Abdullah berkata: “Saya mampu mengkhatamkan kurang dari sebulan.”
Abdulah mengulangi perkataannya dan mengurangi (tempo khatamnya) sampai Rasulullah bersabda: “Khatamkanlah Al Qur’an salama tujuh hari.”
Nabi bersabda: “Tidak akan memahami Al Qur’an bagi orang yang membacanya (mengkhatamkannya) dalam waktu kurang dari 3 hari.” (HR. Abu Dawud)
Dalam hal kwalitas, Hasan al Bashri berkata: “Wahai anak adam, demi Allah jika kamu membaca al Qur’an lalu beriman kepadanya, kesedihanmu di dunia ini akan bertambah panjang, rasa takutmu (kepada Allah) akan menghebat dan tangismu akan bertambah banyak. (Siyar, IV/575)
Kelima, Jihad Fie Sabilillah
Jihad fie sabilillah adalah ruh dan kehidupan para salaf. Bahkan para sahabat telah mendidik anak-anak mereka saat masih kecil dengan renang, memanah dan menunggang kuda. Dalam sebuah hadits disebutkan:
Ajarilah anak-anak kalian berkuda, berenang dan memanah.” (HR. Bukhari dan Muslim)
Tempaan fisik tersebut membuat anak para sahabat saat dewasa menjadi pasukan yang tangguh. Mengislamkan lebih dari dua pertiga dunia dan menjadikan gentar musuh-musuh mereka terhadap Islam.
Mereka adalah kaum yang mencintai kematian di jalan Allah sebagaimana kecintaan seseorang untuk terus hidup di dunia.

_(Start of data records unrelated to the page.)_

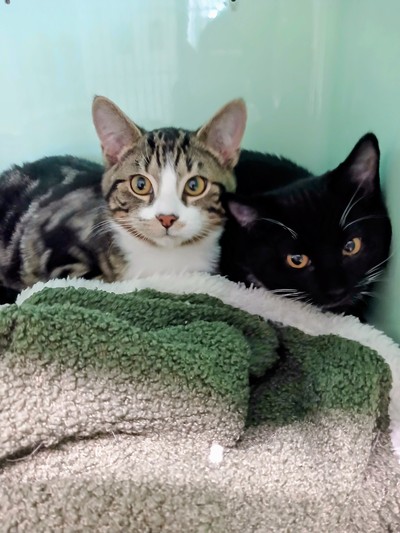 Orville - Domestic Short Hair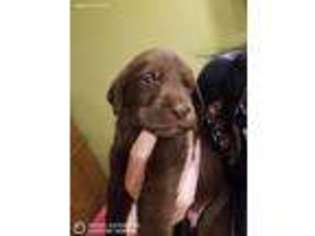 Labrador Retriever Puppy for sale in Piney Flats, TN, USA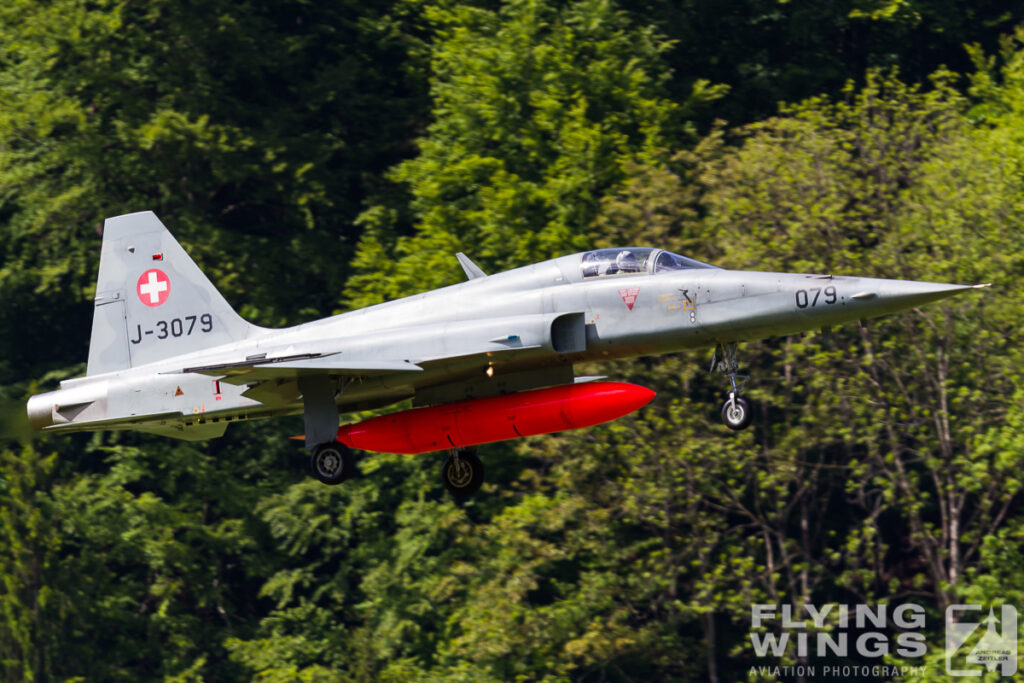 2014, F-5, Meiringen, Swiss Air Force, Switzerland, TIger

Khalid berkirim surat kepada para pemimpin Persia:
Bismillahirrahmanirrahim. Dari Khalid bin Walid kepada para pemimpin Persia. Assalamu ‘ala ma ittaba’al huda (semoga kesejahteraan terlimpah pada orang yang mengikuti petunjuk). Sesungguhnya aku memuji Allah; tiada ilah yang berhak disembah kecuali Allah, dengan pujian yang dapat melemahkan keteguhan kalian, memporak-porandakan keutuhan kalian, membuat kalian tidak berdaya, dan merampas milik kalian. Apabila suratku ini tlah sampai pada kalian, maka yakinilah jaminan perlindungan dariku, bayarlah jizyah kepadaku, dan kirimlah harta jaminan. Bila tidak, maka demi Allah yang tiada tuhan yang berhak diibadahi kecuali Dia, aku akan datang menemui kalian dengan membawa pasukan yang cinta kematian sebagaimana kalian mencintai kehidupan. Semoga kesejahteraan terlimpah pada orang yang mengikuti petunjuk.”
Keberanian seperti inilah yang mengantarkan pada pendahulu kita pada kejayaan, disegani oleh musuh, dan ditakuti oleh lawan.

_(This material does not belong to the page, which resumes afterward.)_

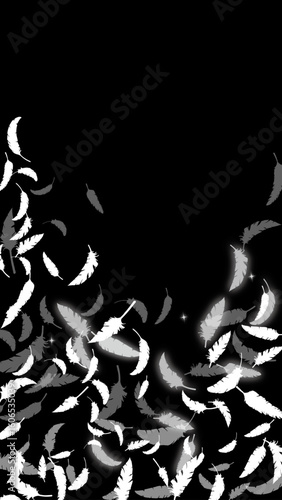 白い鳥の羽がふわふわと舞う（16:9）縦2 Feather Series:Many white bird feathers fluttering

Sementara umat Islam hari ini cenderung pada dunia dan takut mati. Hal itulah yang menjadikan kita lemah dan dihinakan oleh musuh-musuh Allah ta’ala untuk meneladani mereka para salaf sehingga Allah menangkan kita atas orang-orang kafir.
Demikian khutbah jumat yang dapat kami sampaikan. Kurang lebihnya kami mohon maaf.